__ASSIGNED TASK__
Retype each entry exactly as written, and keep the pictures out of the copy.

__DATA LISTING__
========
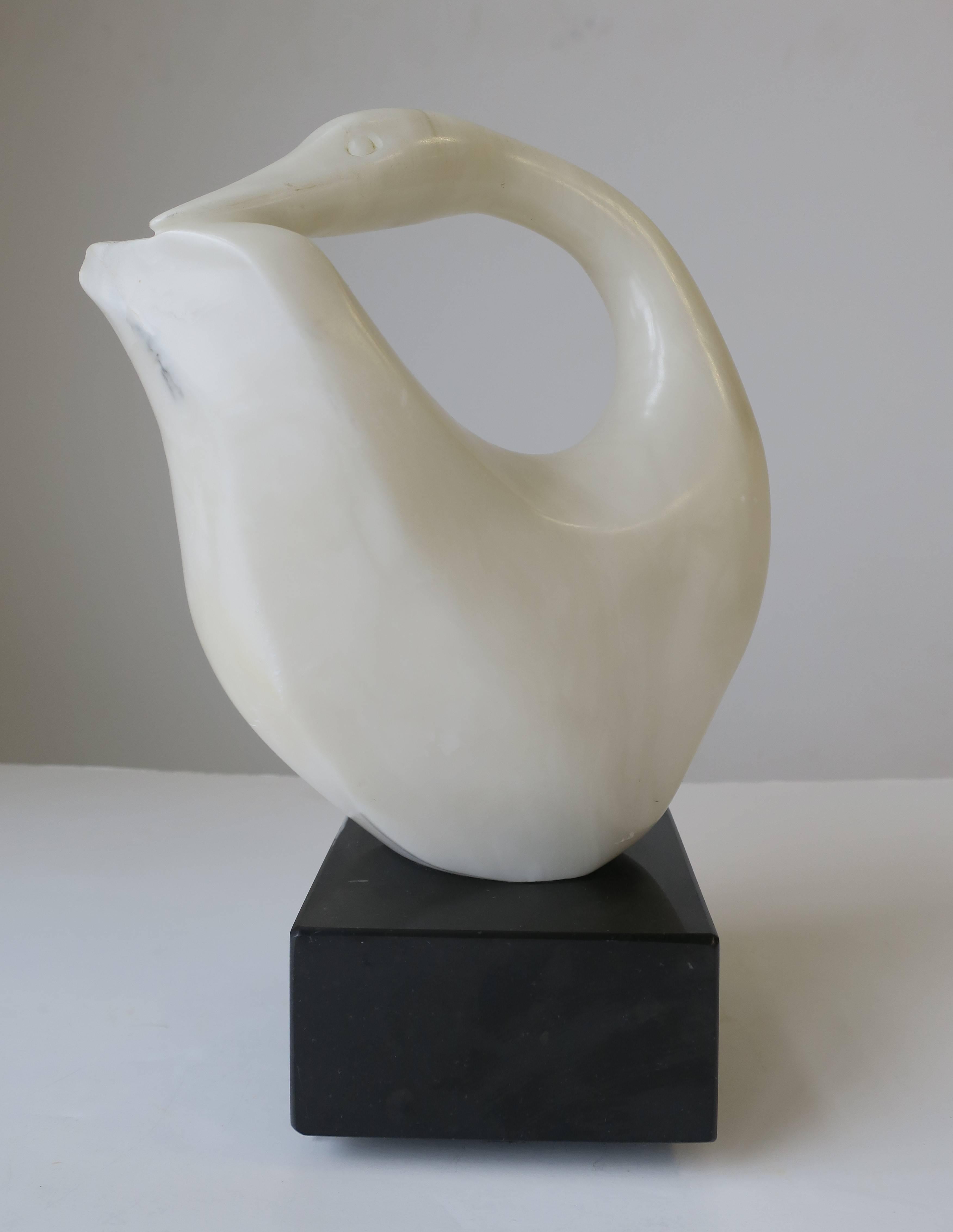 Black and White Marble Bird Sculpture, ca. 1980s In Good Condition In New York, NY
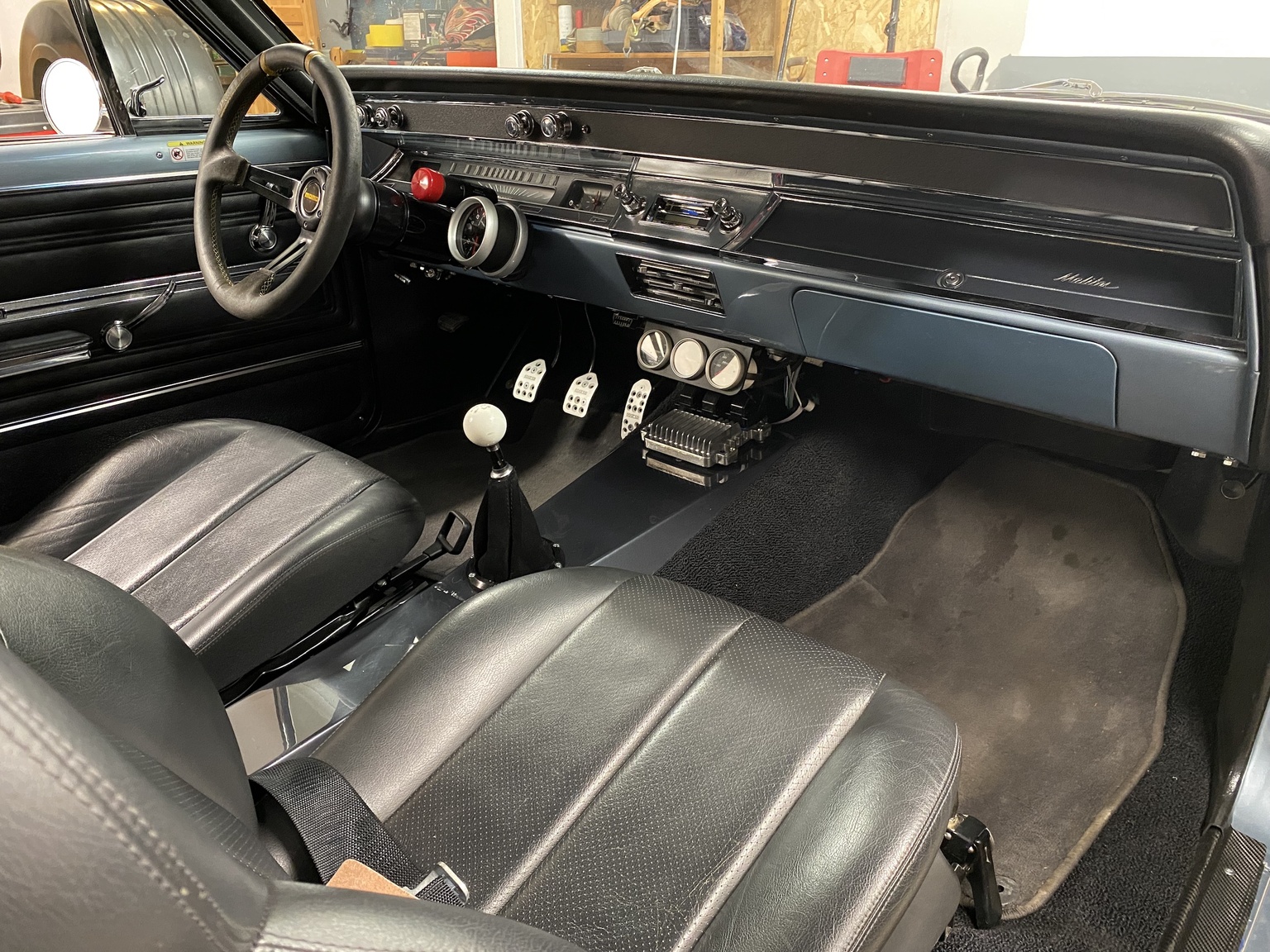 Interior image of 1966 Chevrolet Chevelle Malibu Pro Touring (22)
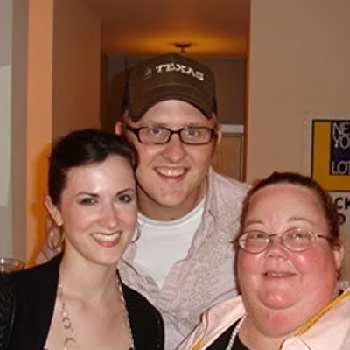 Caroline Cahill - Age, Bio, Birthdate, Family, Networth & More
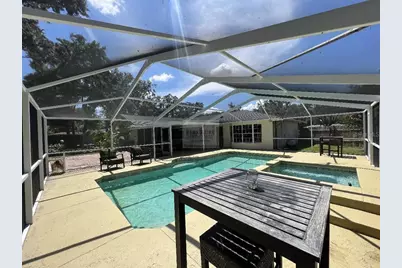 630 Queens Circle, Lakeland, FL 33803 - Photo 8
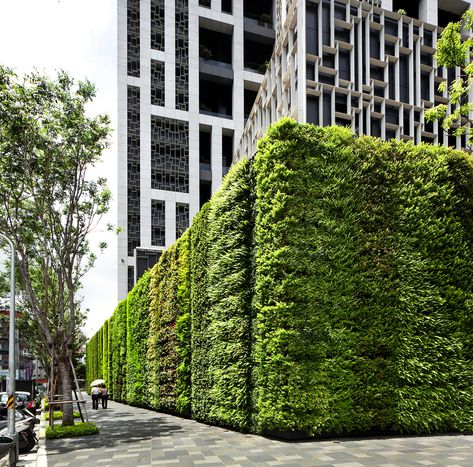 Gallery of Huaku Sky Garden / WOHA - 6 Wall Gardening, Ramps Architecture, Architecture Practice, Green Facade, Green Architecture, Rooftop Deck, Sky Garden, Green City, Wall Garden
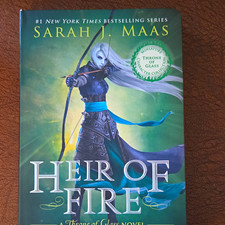 Sarah J. Maas Heir of Fire Throne of Glass Mi...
========
__YOUR RESPONSE__
 Black and White Marble Bird Sculpture, ca. 1980s In Good Condition In New York, NY
 Interior image of 1966 Chevrolet Chevelle Malibu Pro Touring (22)
 Caroline Cahill - Age, Bio, Birthdate, Family, Networth & More
 630 Queens Circle, Lakeland, FL 33803 - Photo 8
 Gallery of Huaku Sky Garden / WOHA - 6 Wall Gardening, Ramps Architecture, Architecture Practice, Green Facade, Green Architecture, Rooftop Deck, Sky Garden, Green City, Wall Garden
 Sarah J. Maas Heir of Fire Throne of Glass Mi...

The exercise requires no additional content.